Even if you have that intense desire—backed up by a commitment to action—it’s also important to have a strong sense of purpose for writing the book. I’ve found that the most successful entrepreneurship authors—whether they run one-person businesses or fast-growing startups—address three key questions in their minds before they start writing.
- What gap in the marketplace does it address? Just as a product will do best if it brings unexpected joy to your target customers or solves a vexing problem for them, your book will be most compelling if it provides a unique answer to an important question that readers are trying to solve (and can’t find elsewhere) or is so entertaining that they can’t put it down. It’s not always easy to figure out what gap you can fill, but no one says you have to answer that question on your own. Doing some market research in online bookstores will help you to understand the conversation that authors are having in print about the topic you plan to write about so you can figure out where you can move that dialogue forward.
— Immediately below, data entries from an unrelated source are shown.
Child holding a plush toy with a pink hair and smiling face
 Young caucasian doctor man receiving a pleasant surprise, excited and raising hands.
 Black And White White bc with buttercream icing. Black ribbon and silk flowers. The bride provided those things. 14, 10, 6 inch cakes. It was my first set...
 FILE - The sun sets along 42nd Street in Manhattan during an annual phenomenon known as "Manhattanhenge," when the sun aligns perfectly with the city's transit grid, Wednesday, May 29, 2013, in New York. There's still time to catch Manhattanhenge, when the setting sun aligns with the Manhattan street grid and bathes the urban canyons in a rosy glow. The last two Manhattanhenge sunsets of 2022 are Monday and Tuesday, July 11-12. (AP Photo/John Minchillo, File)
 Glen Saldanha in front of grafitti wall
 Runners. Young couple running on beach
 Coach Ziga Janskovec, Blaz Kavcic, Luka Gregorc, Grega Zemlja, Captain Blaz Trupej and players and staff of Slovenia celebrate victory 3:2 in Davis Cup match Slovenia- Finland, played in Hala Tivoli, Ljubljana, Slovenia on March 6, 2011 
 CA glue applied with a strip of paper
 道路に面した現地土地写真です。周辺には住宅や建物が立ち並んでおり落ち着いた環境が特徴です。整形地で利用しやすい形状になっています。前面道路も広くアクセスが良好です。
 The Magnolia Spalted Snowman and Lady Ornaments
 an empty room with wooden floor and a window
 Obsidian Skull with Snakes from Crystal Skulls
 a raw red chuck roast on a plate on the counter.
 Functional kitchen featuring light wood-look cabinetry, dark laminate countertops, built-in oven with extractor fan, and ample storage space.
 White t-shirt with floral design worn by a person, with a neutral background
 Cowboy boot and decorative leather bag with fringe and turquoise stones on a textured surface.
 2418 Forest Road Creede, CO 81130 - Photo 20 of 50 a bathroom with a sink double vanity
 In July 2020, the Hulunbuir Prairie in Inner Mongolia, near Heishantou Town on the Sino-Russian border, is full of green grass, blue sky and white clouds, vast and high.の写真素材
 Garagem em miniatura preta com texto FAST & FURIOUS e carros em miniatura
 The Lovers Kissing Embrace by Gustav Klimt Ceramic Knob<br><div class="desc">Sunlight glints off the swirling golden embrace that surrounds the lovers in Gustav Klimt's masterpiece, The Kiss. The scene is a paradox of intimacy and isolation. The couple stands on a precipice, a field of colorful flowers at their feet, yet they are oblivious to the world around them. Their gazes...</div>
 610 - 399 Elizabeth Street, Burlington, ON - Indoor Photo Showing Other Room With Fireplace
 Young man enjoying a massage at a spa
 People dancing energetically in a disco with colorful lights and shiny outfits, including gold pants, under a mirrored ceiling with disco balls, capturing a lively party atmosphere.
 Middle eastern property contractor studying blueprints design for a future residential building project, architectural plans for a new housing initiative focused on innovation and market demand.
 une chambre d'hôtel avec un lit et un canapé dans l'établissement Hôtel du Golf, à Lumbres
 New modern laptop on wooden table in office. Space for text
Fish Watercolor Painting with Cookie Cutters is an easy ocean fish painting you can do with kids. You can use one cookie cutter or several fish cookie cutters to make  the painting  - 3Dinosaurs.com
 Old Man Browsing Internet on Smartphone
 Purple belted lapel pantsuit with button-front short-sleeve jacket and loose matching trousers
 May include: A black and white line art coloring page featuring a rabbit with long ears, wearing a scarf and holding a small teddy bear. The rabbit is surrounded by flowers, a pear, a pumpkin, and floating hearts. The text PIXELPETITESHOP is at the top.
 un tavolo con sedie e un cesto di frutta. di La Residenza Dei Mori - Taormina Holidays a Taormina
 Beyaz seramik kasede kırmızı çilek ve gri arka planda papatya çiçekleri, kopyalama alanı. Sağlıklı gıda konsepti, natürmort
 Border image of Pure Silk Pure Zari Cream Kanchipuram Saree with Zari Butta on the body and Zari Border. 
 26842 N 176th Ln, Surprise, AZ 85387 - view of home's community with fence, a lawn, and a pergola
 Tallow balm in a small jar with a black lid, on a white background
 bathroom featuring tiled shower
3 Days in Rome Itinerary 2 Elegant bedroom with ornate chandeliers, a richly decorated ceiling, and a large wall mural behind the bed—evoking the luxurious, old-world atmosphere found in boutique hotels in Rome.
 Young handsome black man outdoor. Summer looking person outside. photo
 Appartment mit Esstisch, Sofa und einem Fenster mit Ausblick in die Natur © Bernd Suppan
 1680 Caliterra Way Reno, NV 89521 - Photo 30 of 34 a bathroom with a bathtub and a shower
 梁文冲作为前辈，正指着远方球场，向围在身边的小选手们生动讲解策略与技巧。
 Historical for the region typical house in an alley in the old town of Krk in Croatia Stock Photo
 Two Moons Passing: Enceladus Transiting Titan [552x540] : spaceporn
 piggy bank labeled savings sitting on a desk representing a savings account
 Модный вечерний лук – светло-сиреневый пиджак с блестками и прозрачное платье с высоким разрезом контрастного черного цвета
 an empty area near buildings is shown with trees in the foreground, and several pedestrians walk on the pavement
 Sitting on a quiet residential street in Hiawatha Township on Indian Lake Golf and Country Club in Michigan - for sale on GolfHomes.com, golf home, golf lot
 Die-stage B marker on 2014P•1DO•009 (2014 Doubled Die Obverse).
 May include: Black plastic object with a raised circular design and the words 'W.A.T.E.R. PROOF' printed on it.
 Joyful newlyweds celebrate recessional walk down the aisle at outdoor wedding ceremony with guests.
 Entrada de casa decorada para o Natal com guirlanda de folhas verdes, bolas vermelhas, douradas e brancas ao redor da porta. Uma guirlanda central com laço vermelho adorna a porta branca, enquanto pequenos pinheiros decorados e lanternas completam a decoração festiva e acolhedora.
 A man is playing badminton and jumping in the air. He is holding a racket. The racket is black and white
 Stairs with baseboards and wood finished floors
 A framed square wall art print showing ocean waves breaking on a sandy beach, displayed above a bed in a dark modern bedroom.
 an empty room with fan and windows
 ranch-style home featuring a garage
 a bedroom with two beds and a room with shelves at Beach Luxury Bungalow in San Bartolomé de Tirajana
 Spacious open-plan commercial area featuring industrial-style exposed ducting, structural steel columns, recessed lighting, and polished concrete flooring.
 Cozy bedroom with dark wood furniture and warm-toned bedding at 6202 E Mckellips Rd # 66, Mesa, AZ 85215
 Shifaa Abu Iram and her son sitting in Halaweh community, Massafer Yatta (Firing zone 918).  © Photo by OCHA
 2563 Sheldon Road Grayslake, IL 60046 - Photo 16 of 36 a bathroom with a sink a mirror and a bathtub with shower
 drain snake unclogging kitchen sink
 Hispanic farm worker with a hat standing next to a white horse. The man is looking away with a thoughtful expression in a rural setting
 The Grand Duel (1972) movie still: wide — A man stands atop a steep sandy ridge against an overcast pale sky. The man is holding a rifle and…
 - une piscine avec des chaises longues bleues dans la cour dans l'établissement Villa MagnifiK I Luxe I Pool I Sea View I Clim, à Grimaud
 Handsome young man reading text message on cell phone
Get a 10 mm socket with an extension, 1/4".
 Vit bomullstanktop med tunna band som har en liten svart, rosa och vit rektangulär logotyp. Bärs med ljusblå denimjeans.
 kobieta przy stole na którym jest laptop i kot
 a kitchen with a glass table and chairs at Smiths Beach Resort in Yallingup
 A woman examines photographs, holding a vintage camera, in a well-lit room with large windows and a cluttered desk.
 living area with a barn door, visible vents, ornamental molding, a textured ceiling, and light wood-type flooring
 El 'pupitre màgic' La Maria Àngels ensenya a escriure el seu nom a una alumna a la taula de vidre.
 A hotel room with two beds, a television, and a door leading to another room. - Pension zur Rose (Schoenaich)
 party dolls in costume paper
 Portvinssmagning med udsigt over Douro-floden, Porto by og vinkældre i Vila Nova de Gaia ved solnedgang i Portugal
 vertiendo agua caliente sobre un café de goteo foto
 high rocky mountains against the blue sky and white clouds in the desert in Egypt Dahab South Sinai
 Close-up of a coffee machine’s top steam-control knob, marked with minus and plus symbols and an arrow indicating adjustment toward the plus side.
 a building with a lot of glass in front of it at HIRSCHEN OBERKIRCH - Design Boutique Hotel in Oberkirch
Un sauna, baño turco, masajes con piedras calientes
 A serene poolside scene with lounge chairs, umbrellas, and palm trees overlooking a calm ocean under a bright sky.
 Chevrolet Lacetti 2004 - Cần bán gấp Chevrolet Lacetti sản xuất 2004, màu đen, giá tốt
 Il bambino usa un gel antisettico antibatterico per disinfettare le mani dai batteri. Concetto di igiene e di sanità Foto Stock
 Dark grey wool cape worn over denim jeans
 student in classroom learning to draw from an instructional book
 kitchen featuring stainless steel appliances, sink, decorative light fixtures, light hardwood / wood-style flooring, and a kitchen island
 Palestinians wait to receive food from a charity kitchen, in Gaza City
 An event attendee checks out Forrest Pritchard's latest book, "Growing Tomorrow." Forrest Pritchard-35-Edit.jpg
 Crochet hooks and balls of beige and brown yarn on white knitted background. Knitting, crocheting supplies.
- Why does it need to be published now? Timing is everything when it comes to new product releases—and though books are creative works, they are ultimately products, too. If you can’t think of a compelling reason your book must be written now, hold off until you have a “Why now?” Often, one way to uncover it is to ask yourself what current opportunities your book will help readers to go after or what pain points will it help them to avoid. These should be timely enough to make the book a must-read now but not so time-sensitive that they’ll seem dated in a two or three years—which is how long it takes many books to go from the germ of an idea to a published work.
- How is this book about the reader, rather than me? A book is a great way to express yourself, but it’s important to remember that, ultimately, readers will be looking to find out something about themselves from it. It’ll be easier to connect with them through your book if you give plenty of thought to what they’ll get out of it and how they’ll feel when reading it. It’s similar to welcoming guests to your home. The more you can show them a great time and keep them interested and entertained, the more likely it is that they’ll stay a little longer and come back again soon.